A summary of ways one can make their networks run faster and with less memory

In my previous post, I talked about how Graph Neural Networks (GNNs) have become a hot research topic because of the advancements that were achieved on the tasks related to deep learning on complex networks (graphs).

Since this is such an important topic, many pieces of research are being developed focusing on improving the GNNs. Two main objectives are in place: make them more powerful (in terms of predictive performance) and make them run faster and with less memory consumption.

In this post, we will see that today, traditional GNNs that use the Message-Passing framework are very slow to train and require lots of memory. I pretend to guide you on some of the tactics that are already in place to try and scale GNNs to very large graphs.

The message-passing framework consists of aggregating the information from the neighbors of a node, together with the information of the node itself, to generate the node representation.

We already saw a little bit of how this works on this post and its relation to the WL-Test on this post. Now, let’s evaluate how difficult it may be to have a deep network with a large graph.

Let’s remember that each layer added to a GNN represents one more hop on the network.

Now, if we look at the GraphSAGE [1] architecture which selects a fixed number of neighbors for each node on each layer, we can see how the memory consumption starts getting out of hand.

Let F be the number of features you have on the X dataset of the network and let L be the number of layers. To start, you will have a memory consumption of O(LF²) to hold up the weights matrices of the network. This itself is not a big problem.

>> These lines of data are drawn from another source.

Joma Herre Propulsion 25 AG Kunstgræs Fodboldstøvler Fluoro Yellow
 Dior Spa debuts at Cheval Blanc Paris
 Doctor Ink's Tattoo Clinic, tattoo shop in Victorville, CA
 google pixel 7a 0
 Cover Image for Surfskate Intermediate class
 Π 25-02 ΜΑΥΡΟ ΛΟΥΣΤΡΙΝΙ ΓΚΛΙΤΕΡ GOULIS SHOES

Now, let’s look to the memory consumption that comes from holding in memory the embeddings of the nodes which you need in order to compute the embedding of each target node during training.

Let b be your batch size and r be the number of nodes you sample using GraphSAGE. Let’s assume that you sample the same amount of nodes per layer. In that case, the amount of memory you will need will be O(bFr^L). More information about this calculation can be found in [2]

The problem lies in the exponential relationship between the number of layers of the network. This shows why several of the architectures that exist today are not able to go much further than 3 or 4 layers.

(It is important to notice here that some research points out the fact that maybe going deeper on GNNs will not yield performance gains, this discussion, however, is out of the scope of this article).

Let’s now review some of the tactics researchers have been employing to try and improve the scalability problem for the GNNs.

Sampling methodologies try to reduce the number of nodes we need to deal with at any given point in time by sampling the computational graph. Depending on how and where this sampling occurs, we may have three different classifications.

Node Sampling

This is the methodology implemented by the GraphSAGE we just saw. The idea is that we may not need to consider the entire node neighborhood during training and we can select a few nodes instead.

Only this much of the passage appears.